▶ [Input data]:
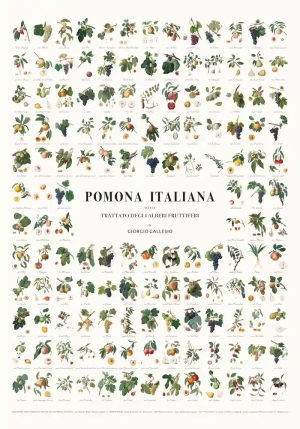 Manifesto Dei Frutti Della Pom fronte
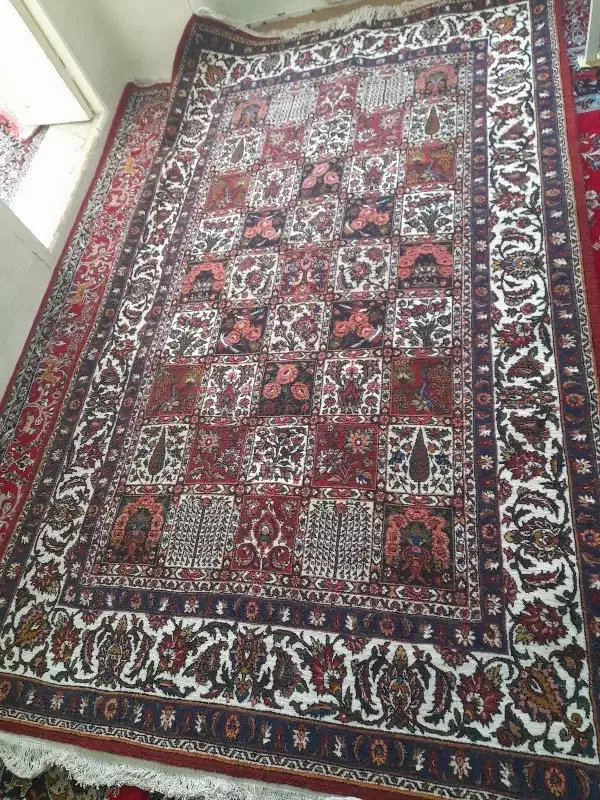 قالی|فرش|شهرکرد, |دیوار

* * *

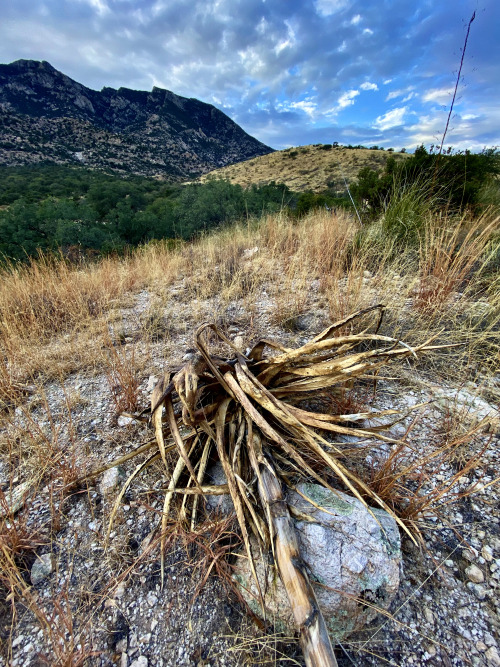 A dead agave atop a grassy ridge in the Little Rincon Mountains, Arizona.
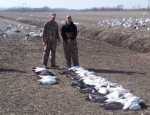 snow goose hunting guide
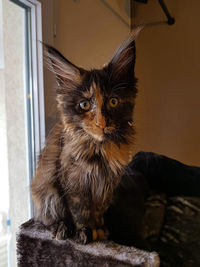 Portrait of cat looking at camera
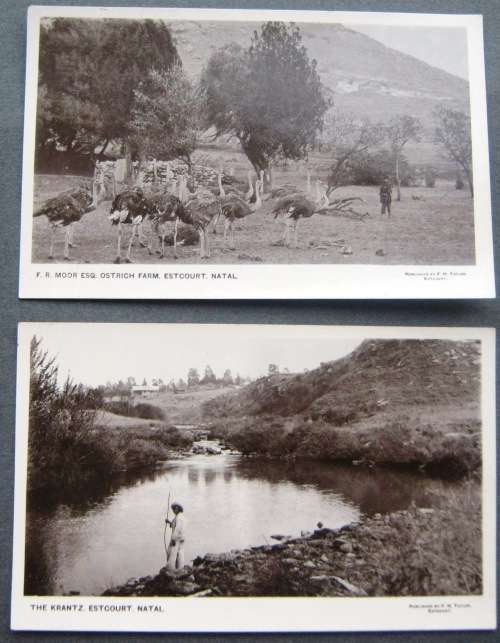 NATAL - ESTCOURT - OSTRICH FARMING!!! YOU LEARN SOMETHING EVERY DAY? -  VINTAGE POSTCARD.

--

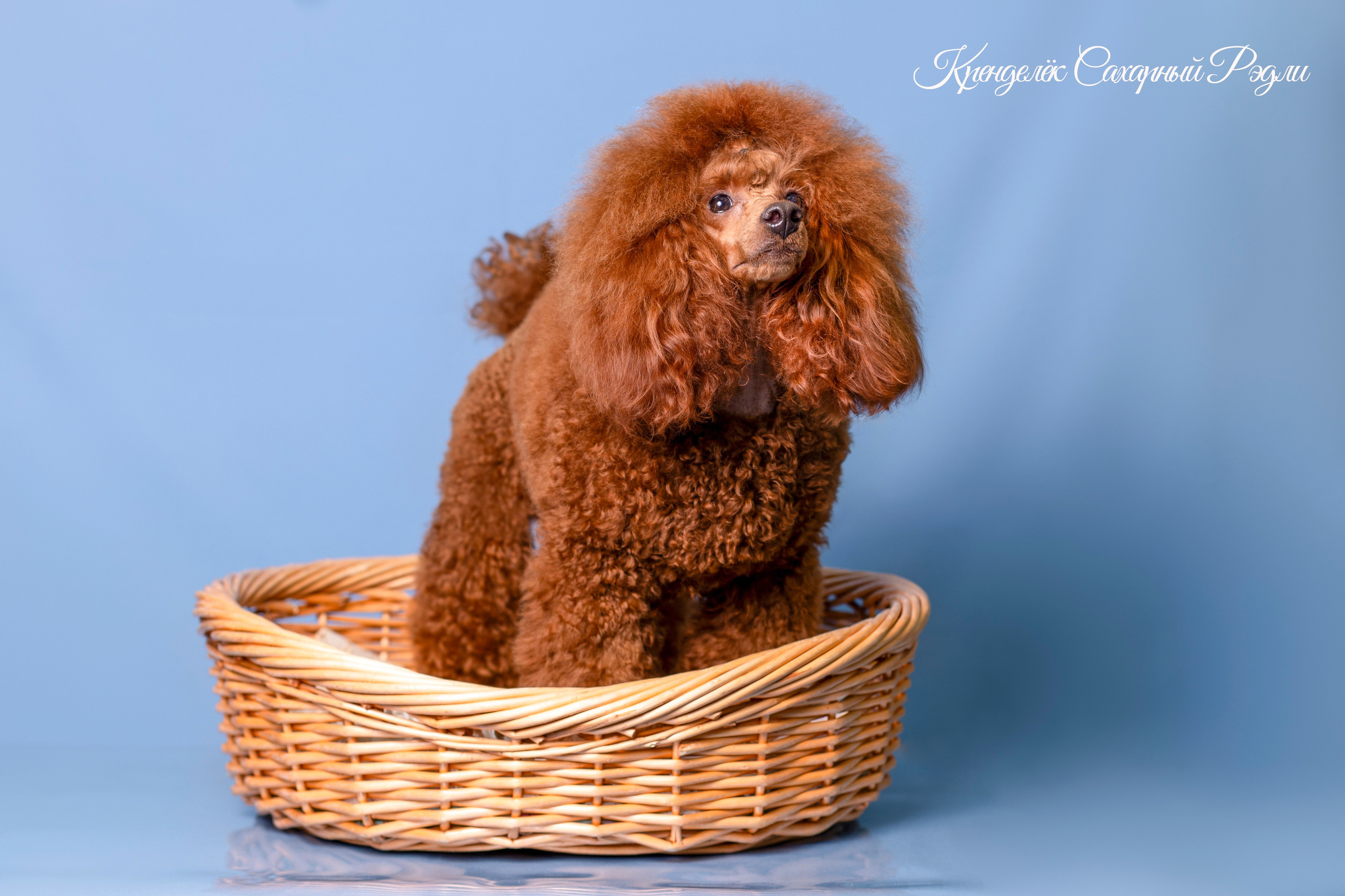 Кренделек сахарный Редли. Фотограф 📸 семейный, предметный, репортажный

▶ [Work to be completed]: Your answer must be everything above from the line with "Manifesto Dei Frutti Della Pom fronte" down to the line with "قالی|فرش|شهرکرد, |دیوار", word for word, and no pictures.

▶ [Written response]:
 Manifesto Dei Frutti Della Pom fronte
 قالی|فرش|شهرکرد, |دیوار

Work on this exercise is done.